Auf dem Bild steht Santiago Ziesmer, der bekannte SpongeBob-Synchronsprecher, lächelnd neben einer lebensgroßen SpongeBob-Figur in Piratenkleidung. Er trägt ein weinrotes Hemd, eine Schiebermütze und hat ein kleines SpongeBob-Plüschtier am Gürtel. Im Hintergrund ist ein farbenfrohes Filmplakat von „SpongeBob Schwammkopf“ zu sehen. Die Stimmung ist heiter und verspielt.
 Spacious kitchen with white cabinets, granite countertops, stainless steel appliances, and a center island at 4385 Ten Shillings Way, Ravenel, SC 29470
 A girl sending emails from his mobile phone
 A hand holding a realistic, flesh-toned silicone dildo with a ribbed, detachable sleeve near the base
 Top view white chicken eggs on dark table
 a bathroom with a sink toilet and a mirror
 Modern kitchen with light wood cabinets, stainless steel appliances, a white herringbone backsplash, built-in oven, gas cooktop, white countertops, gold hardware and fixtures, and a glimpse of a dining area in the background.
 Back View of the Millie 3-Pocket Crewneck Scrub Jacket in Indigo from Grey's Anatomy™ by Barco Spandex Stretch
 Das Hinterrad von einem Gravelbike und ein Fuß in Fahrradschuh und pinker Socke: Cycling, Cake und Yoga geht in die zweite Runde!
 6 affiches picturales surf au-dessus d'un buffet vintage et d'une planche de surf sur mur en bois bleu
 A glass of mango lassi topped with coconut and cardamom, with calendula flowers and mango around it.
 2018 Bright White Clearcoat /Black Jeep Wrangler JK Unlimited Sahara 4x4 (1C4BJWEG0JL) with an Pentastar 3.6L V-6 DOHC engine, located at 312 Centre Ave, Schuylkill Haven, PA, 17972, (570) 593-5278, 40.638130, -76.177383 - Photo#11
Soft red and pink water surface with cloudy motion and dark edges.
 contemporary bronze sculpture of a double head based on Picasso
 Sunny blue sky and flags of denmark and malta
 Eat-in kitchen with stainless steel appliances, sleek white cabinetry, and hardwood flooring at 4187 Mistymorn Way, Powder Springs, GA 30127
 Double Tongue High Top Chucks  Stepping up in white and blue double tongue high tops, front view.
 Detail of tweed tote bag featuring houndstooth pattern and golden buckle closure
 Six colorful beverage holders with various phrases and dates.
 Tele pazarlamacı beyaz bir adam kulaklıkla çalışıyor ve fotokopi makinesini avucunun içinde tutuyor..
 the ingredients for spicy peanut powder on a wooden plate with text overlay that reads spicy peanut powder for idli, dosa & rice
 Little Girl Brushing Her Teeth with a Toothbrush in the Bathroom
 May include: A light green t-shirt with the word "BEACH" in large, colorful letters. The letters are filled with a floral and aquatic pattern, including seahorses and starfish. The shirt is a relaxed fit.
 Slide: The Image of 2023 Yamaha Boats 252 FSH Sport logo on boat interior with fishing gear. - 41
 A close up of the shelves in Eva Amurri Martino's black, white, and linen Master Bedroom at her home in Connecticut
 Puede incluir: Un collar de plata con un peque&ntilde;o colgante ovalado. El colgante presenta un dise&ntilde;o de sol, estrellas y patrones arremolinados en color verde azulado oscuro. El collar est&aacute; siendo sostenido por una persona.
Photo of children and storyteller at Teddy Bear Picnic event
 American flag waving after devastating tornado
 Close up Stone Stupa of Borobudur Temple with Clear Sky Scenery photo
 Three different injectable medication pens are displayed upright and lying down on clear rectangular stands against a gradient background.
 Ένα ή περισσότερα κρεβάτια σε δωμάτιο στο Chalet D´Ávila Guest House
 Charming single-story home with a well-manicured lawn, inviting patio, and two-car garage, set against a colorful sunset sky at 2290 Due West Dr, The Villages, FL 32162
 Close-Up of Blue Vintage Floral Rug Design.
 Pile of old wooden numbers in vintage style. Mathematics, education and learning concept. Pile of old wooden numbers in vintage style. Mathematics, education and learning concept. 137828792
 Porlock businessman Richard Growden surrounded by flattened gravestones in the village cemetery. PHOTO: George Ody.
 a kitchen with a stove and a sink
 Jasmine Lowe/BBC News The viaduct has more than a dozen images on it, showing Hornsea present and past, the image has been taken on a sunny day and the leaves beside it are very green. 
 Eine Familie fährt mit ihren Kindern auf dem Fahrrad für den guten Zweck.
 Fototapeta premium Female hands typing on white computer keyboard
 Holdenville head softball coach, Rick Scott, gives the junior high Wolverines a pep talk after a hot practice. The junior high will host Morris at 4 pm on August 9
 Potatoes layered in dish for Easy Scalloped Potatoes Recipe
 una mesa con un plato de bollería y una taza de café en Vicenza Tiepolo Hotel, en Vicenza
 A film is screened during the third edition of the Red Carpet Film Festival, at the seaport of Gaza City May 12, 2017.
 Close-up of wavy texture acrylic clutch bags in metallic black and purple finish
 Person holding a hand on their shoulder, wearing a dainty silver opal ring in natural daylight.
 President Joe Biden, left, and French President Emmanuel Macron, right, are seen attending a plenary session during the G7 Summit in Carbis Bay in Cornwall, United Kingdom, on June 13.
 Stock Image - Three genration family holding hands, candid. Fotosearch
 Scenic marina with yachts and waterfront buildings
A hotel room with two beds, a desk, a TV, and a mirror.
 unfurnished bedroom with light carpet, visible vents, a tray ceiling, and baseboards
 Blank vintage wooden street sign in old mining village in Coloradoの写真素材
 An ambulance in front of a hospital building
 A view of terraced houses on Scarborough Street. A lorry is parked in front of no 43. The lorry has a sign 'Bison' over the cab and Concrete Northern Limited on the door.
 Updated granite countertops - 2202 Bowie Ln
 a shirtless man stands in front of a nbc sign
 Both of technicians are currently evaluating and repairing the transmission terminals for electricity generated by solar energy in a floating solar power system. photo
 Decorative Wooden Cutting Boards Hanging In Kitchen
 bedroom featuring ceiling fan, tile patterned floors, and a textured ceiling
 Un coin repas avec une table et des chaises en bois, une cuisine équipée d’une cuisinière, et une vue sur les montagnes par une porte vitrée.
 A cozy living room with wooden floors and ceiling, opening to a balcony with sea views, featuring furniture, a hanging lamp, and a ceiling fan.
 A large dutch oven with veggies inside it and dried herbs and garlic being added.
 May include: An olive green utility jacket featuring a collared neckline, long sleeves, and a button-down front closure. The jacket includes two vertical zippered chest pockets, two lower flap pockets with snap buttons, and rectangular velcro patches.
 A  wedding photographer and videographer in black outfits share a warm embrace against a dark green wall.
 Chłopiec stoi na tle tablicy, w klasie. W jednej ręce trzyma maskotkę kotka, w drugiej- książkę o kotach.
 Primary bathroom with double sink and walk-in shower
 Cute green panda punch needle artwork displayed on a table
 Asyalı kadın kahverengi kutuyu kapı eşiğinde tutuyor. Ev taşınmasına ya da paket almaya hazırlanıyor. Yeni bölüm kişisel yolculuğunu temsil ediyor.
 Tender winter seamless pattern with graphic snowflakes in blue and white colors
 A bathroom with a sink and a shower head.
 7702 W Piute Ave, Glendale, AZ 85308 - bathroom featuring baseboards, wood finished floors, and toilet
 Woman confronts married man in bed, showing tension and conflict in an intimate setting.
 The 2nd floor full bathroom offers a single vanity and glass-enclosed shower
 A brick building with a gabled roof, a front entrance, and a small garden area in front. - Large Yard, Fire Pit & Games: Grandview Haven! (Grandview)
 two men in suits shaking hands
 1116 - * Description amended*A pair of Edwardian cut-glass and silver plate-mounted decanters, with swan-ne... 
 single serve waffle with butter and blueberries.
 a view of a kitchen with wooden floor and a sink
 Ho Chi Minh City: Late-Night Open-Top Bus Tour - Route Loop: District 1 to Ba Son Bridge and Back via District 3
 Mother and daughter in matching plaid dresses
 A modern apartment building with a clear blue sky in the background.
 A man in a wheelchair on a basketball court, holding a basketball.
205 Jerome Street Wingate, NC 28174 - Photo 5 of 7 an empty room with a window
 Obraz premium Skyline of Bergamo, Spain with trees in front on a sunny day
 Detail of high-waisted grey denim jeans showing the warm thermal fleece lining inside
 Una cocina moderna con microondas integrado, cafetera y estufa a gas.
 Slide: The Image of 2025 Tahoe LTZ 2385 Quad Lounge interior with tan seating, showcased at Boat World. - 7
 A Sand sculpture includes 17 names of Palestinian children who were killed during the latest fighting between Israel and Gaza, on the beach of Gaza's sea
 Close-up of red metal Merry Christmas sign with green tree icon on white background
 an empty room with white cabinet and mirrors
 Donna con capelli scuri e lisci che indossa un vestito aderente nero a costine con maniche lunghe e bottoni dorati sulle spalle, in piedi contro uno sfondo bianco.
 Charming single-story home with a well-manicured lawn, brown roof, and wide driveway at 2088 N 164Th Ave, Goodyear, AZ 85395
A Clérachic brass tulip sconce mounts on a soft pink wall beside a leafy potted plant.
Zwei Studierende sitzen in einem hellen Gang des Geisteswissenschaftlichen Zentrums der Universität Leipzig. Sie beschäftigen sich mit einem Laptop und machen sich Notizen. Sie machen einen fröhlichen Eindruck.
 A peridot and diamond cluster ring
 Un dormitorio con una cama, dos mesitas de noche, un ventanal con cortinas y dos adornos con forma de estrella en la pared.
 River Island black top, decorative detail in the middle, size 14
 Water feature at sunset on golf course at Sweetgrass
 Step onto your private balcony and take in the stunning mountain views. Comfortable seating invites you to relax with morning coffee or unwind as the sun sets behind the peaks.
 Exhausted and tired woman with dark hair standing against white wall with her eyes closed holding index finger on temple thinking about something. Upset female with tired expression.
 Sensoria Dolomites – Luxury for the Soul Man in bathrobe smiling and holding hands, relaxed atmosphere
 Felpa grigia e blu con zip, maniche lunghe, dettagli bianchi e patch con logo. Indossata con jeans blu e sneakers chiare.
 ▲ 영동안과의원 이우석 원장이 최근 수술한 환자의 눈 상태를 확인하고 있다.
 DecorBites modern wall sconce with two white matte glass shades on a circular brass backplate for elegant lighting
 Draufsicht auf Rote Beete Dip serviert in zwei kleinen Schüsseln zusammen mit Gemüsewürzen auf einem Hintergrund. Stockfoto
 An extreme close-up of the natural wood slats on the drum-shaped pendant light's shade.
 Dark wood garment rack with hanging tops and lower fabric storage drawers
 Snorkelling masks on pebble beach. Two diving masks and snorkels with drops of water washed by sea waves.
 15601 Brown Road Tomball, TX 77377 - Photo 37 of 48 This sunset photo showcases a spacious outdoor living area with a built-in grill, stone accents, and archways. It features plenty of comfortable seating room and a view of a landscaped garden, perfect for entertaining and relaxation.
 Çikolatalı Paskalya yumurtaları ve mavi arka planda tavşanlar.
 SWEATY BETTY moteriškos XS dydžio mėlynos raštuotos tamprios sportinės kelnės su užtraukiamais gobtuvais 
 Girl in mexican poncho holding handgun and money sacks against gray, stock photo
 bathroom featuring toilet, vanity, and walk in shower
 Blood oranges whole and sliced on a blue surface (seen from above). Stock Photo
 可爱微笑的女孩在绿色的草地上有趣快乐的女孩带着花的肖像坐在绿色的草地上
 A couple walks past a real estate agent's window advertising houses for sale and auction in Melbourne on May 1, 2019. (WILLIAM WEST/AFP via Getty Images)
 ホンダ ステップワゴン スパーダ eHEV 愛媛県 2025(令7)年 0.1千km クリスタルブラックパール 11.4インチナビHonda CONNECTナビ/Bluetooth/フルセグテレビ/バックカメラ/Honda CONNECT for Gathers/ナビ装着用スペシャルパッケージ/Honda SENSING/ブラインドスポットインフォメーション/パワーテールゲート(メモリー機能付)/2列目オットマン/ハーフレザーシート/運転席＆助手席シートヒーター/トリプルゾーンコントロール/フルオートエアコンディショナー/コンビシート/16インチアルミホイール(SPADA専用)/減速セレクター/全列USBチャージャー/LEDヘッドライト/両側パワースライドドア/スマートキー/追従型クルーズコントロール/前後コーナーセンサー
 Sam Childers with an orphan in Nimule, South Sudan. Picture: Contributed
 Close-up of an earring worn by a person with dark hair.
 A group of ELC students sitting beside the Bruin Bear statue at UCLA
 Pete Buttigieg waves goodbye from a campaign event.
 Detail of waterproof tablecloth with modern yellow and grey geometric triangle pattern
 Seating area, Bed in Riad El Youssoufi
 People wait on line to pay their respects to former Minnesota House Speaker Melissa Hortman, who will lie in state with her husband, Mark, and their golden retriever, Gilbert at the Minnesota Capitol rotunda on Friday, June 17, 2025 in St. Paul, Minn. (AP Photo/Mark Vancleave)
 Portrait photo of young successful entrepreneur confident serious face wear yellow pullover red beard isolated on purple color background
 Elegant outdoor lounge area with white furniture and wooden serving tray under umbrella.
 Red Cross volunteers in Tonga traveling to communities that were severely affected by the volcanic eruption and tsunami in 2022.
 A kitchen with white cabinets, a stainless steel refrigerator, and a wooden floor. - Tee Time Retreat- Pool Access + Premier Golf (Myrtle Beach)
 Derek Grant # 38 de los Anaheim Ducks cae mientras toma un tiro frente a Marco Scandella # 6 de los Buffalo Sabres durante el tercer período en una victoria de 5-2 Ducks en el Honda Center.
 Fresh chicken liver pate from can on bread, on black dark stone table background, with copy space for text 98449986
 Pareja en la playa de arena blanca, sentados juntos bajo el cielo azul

● ● ● ● ●

Problem to solve: In the listing above, find the line containing "Updated granite countertops - 2202 Bowie Ln" and the line containing "bedroom featuring ceiling", then retype both and every line between them exactly, with nothing else.

Written reply:
 Updated granite countertops - 2202 Bowie Ln
 a shirtless man stands in front of a nbc sign
 Both of technicians are currently evaluating and repairing the transmission terminals for electricity generated by solar energy in a floating solar power system. photo
 Decorative Wooden Cutting Boards Hanging In Kitchen
 bedroom featuring ceiling fan, tile patterned floors, and a textured ceiling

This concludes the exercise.